» **Input material**
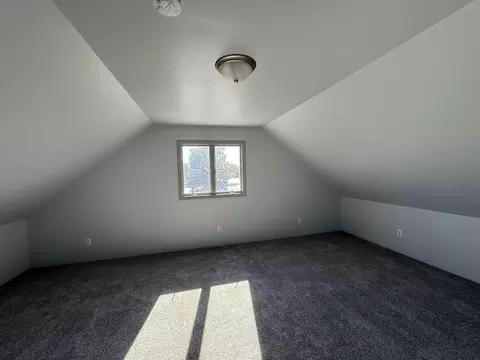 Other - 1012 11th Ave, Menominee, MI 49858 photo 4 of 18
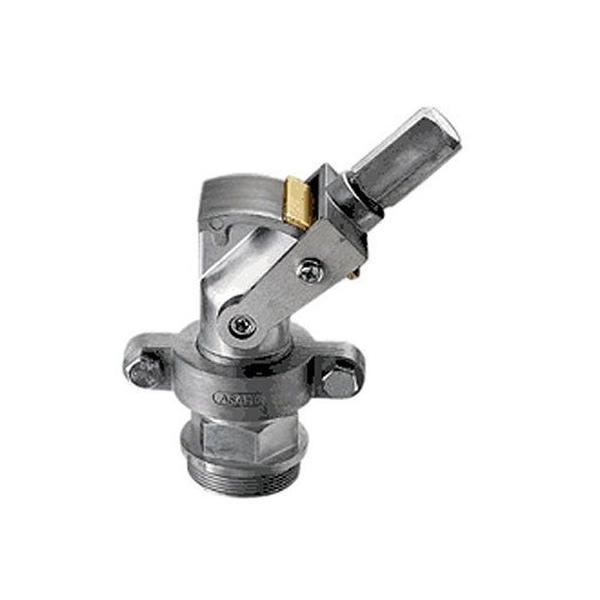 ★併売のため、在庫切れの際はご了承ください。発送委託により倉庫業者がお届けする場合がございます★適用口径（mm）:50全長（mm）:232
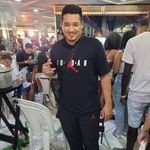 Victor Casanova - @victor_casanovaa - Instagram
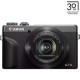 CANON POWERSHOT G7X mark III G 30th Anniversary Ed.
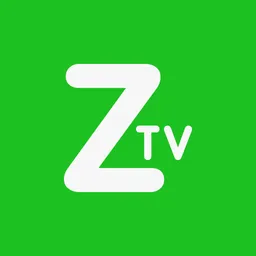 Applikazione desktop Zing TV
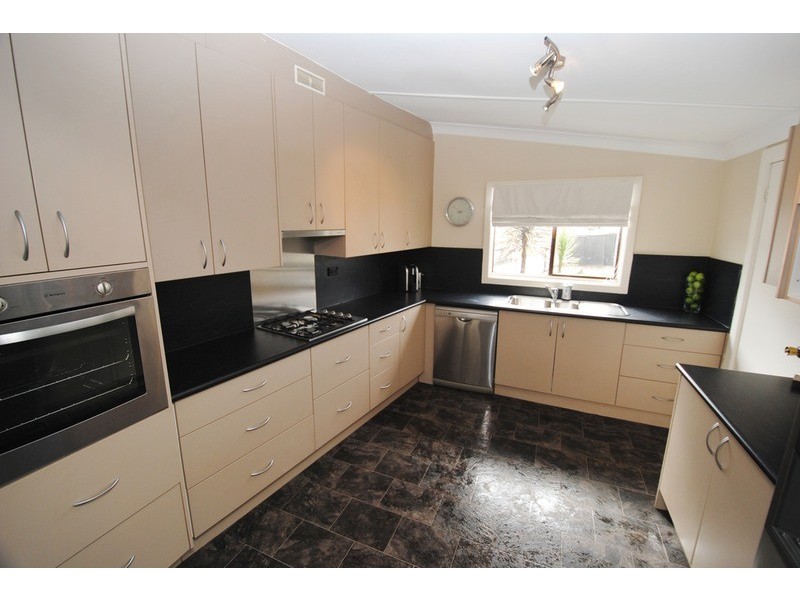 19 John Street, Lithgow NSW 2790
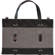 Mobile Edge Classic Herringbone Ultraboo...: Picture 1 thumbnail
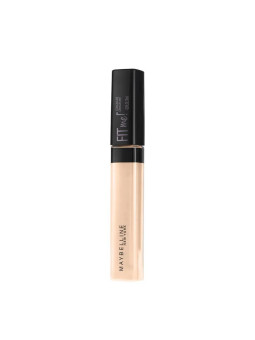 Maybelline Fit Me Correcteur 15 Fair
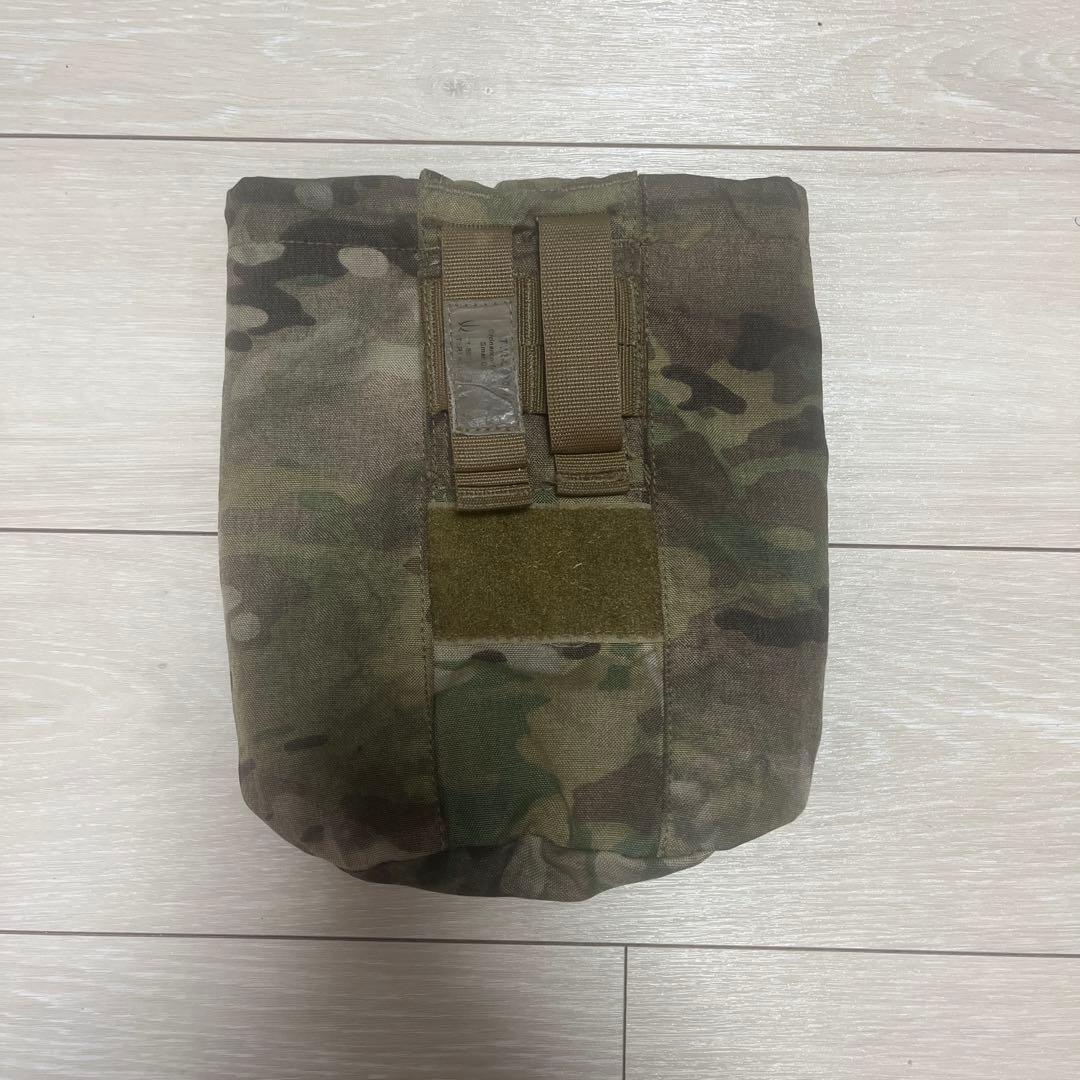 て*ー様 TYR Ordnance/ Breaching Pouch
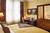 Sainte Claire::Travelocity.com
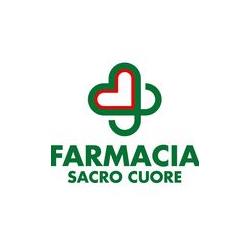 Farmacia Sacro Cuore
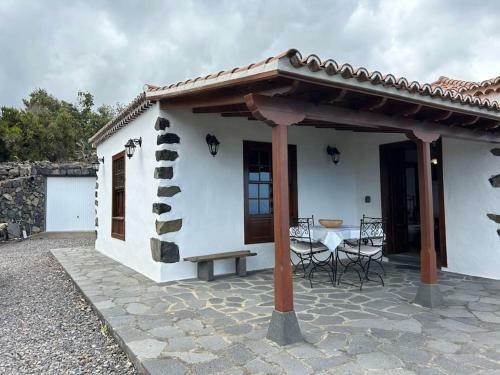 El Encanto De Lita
--
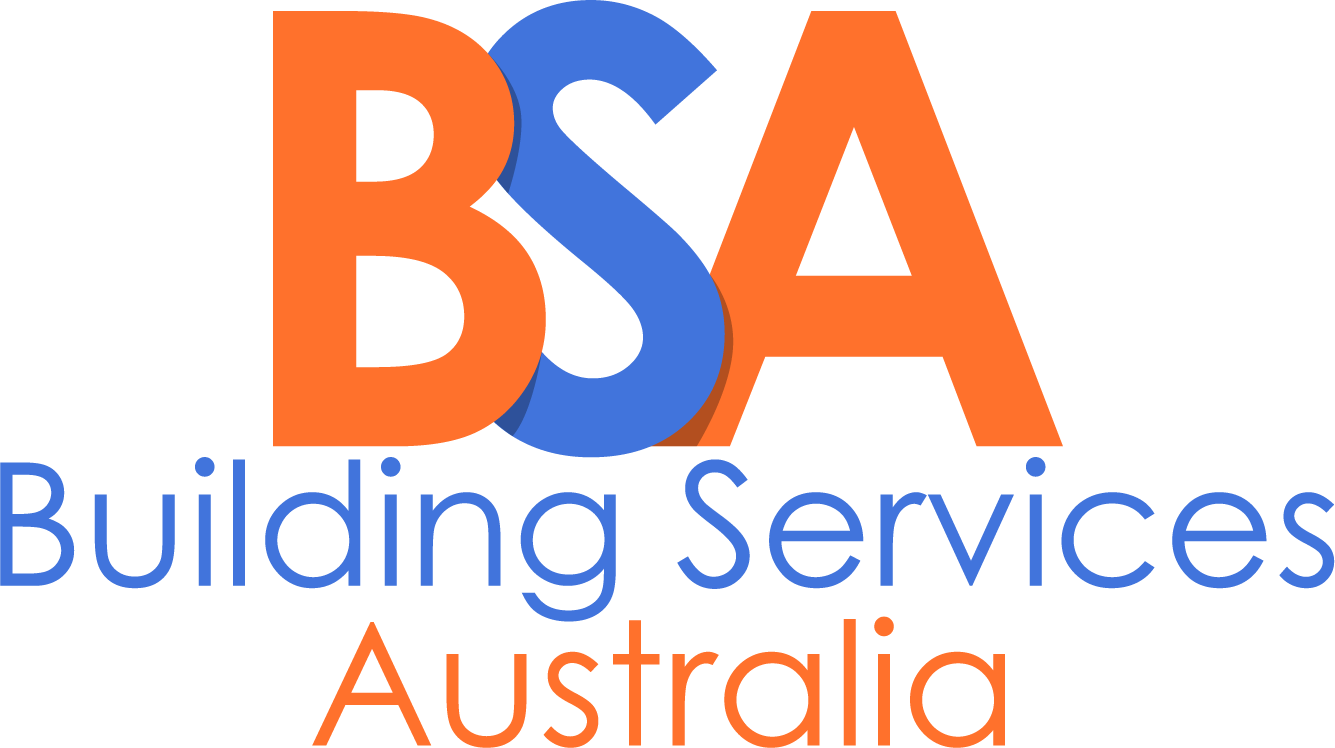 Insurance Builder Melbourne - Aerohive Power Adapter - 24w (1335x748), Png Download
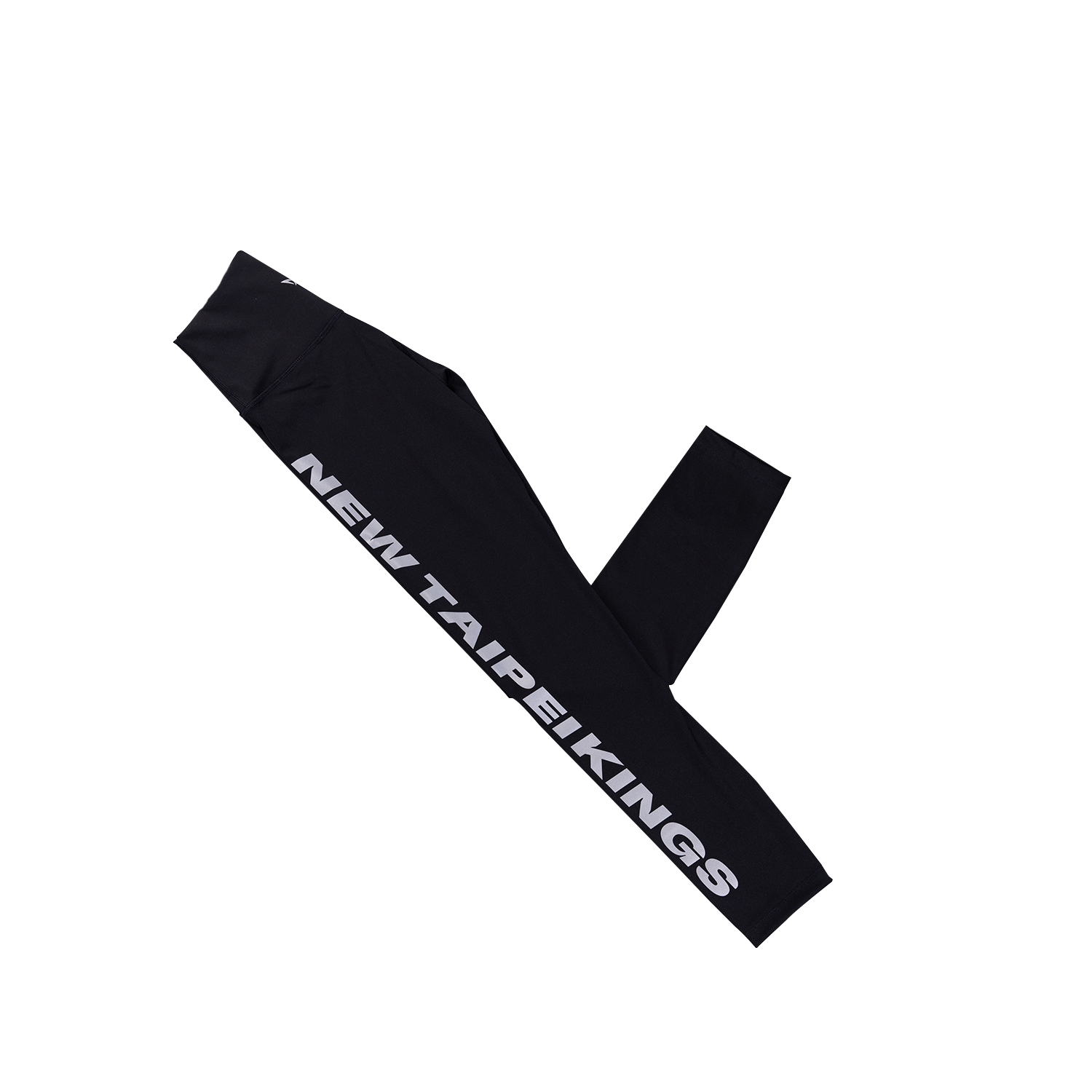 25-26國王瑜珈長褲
...
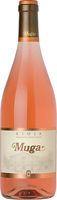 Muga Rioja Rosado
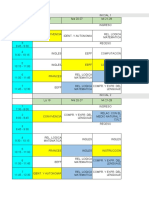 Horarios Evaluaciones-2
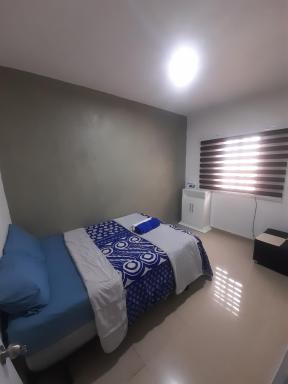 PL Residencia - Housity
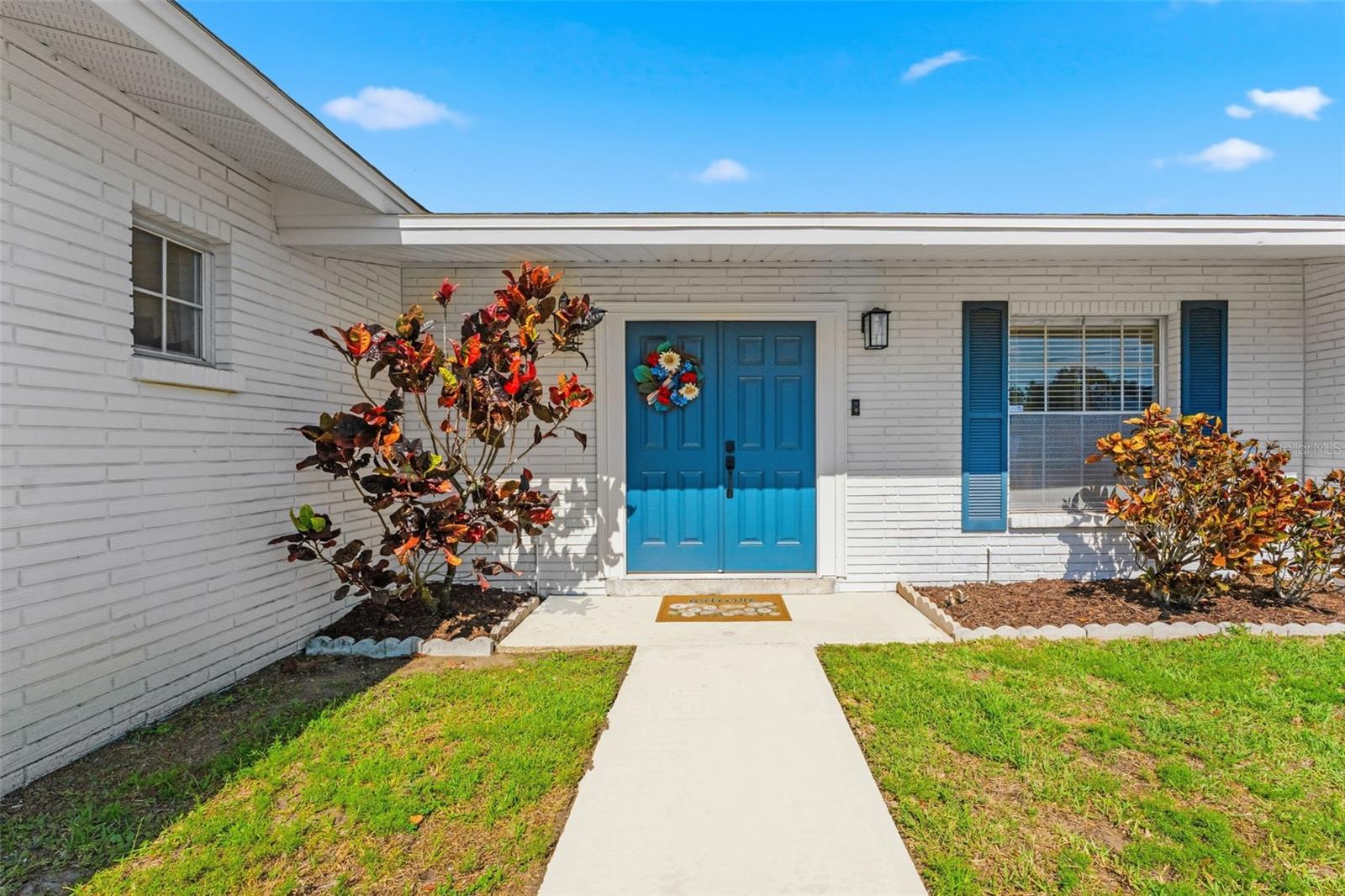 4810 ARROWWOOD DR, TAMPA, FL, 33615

» **What you should do**
Starting at the line above that holds "て*ー様 TYR Ordnance/ Breaching Pouch", return each line up to and including the one that holds "El Encanto De Lita", exactly as written, minus any pictures.

» **Response below**
 て*ー様 TYR Ordnance/ Breaching Pouch
 Sainte Claire::Travelocity.com
 Farmacia Sacro Cuore
 El Encanto De Lita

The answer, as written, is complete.